The owner of another rather well-known online Geocaching retailer, Lisa from Cache Advance, noticed the website for the Creed wasn’t working any longer. She contacted Coyote Red and Kai Team, asking if there was anything she could do to help, and she said: CoyoteRed asked me: “What do YOU get from the creed?  How do you see it used as a guide?My response was: “I followed the progress of the creed online, and agree with it. I’ve been caching since 2002, and I’ve been teaching it and in the business of  caching   for almost as long. It was the creed that inspired my first product, Dr. B’s Geocaching Repair Kit: “Make minor repairs if you can, it will save the owner a trip”. We are in the process of redesigning the Repair Kit (caching has changed a lot in the last 7 years) and that is what led me to notice that the creed was unavailable online. We also include a card with the creed on it (and link) in our Dr.
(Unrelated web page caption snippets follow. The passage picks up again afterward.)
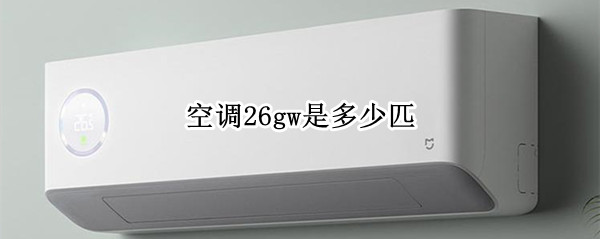 空调26gw是多少匹 美的空调26gw是多少匹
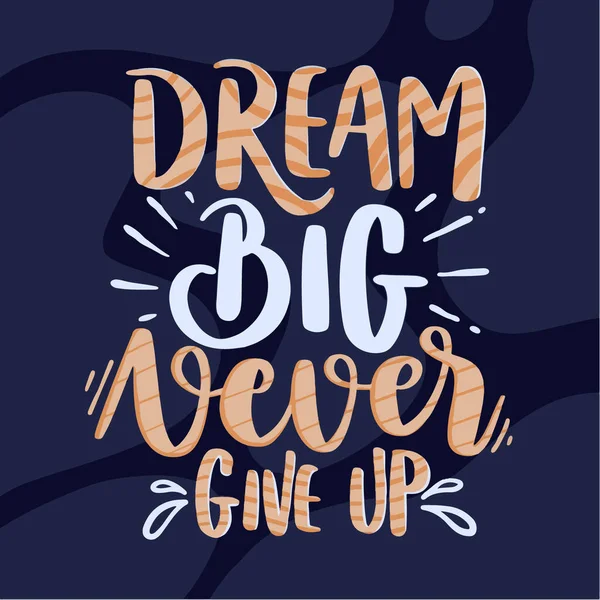 Dream Motivational Inspirational Εκτυπώσιμη Αφίσα Mug Sticker Shirt Σχεδιασμός — Φωτογραφία Αρχείου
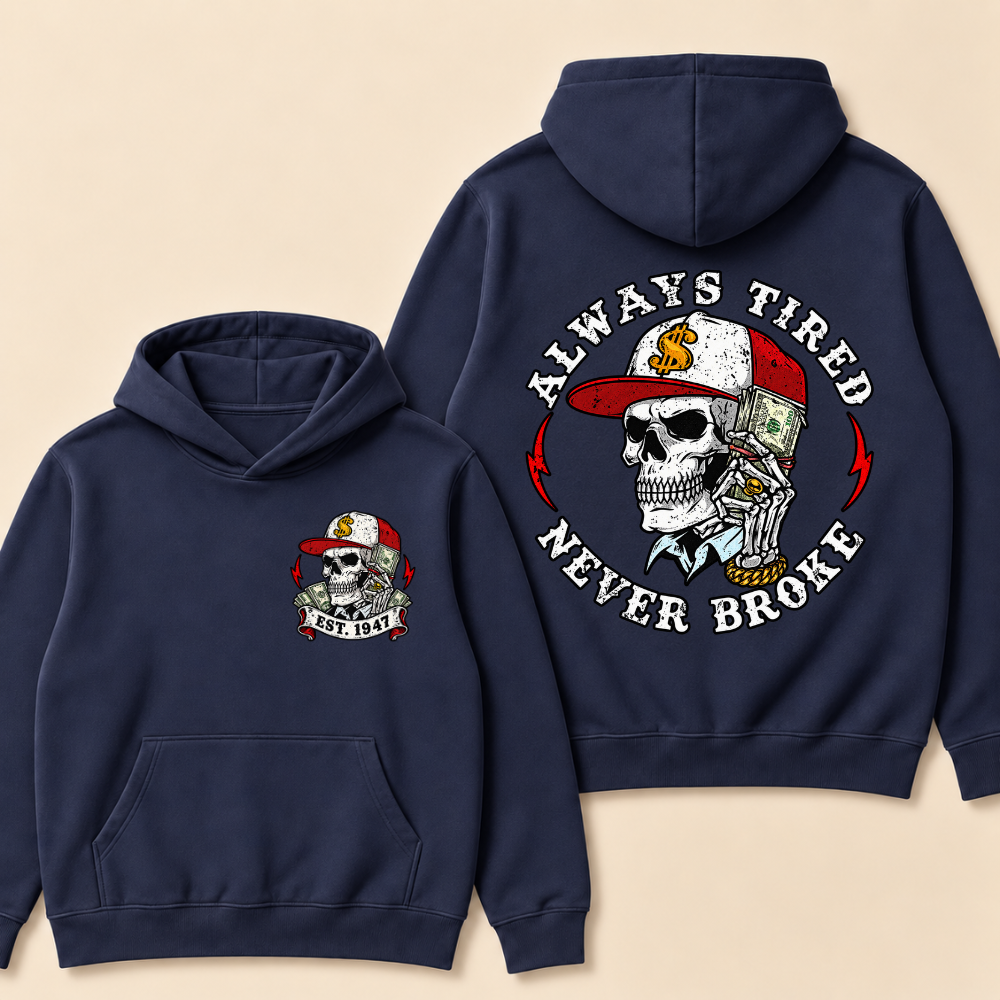 Custom EST.Year Always Tired Never Broke Print Hoodie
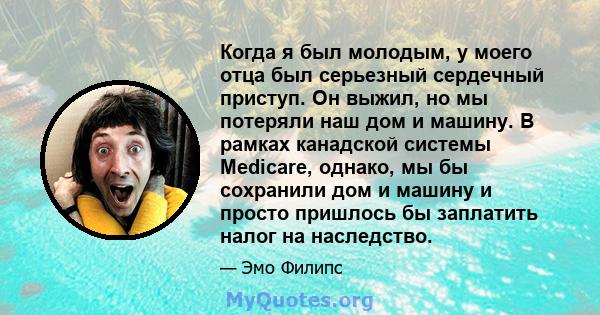 Когда я был молодым, у моего отца был серьезный сердечный приступ. Он выжил, но мы потеряли наш дом и машину. В рамках канадской системы Medicare, однако, мы бы сохранили дом и машину и просто пришлось бы заплатить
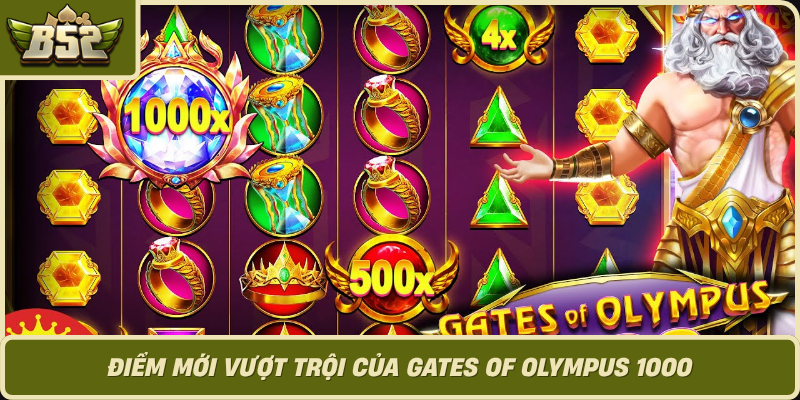 Diem Moi Vuot Troi Cua Gates Of Olympus 1000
B’s Newbie Kit and have sold thousands of these in the past few years (the creed is printed on the opposite side of the decryption key). We are also corporate partners with Leave No Trace.”


Obviously CR and Kai Team had no problem with credentials like that, and in January, 2013, Lisa began hosting the Geocreed.info domain on the webspace for her business Cache-Advance. The domain name was transferred to her, and she also bought http://www.geocreed.com (go ahead and try it, it works). She went on to add: “I am, however, a geocacher first, and my top priority is the fun and continuation of the game. I believe that the 7 parts of the creed are the best way to keep the game fun, safe, and to minimize its impact. It is so easy in the excitement of the game to hide or seek a cache that could be questionable or troublesome in some way. One person’s bad judgment can lead to someone getting hurt or the game actually being shut down; either banned in an area or worse. If cachers would take the 7 parts into consideration (think beyond their own excitement of the hide or find), caching can continue to grow wisely, all can have fun, and the game will coexist peacefully with the world at large. I hope that can give you some insight on how I use and feel about the creed. I and Cache Advance would like to do what we can to keep it alive and accessible.”

We appreciate both Bob from Kai Team, and Lisa from Cache Advance taking the time to talk about the Geocachers’ Creed! Please take some time to familiarize yourself with it, if you’re not already. The creed, examples, and the entire website are very well written. There was an English teacher or two involved in writing that up, I’m sure! Please also remember there are the seven basic tenets, and the examples are just that, and if something is not spelled out specifically, consider the intents expressed in the tenets before making a decision.   

2 thoughts on “The Geocachers’ Creed

  1. We didn’t know that Lisa took on the Geocachers’ Creed! It is wonderful that it is being kept alive and it continues to grow! It is what we live by, and we teach it in our geo-classes!

    Also, Leave No Trace is a great organization and practice! We wish more people would practice it!

    To all involved – THANK YOU!!!

    -authorized users

  2. Thanks once again for the comment, AU. I believe Blogging is like talk radio, where it’s said a fraction of 1% of listeners ever actually call in. 🙂 I have heard from Cache Advance and Team Kai, and they’re happy with the post! I really wanted to talk about the creed itself in more detail, but it was the longest post ever, just talking about the history. I also implemented a CAPTCHA for comments to this blog. Over the past month, we were averaging 1-2 spam comments per day, and there hasn’t been a single one since.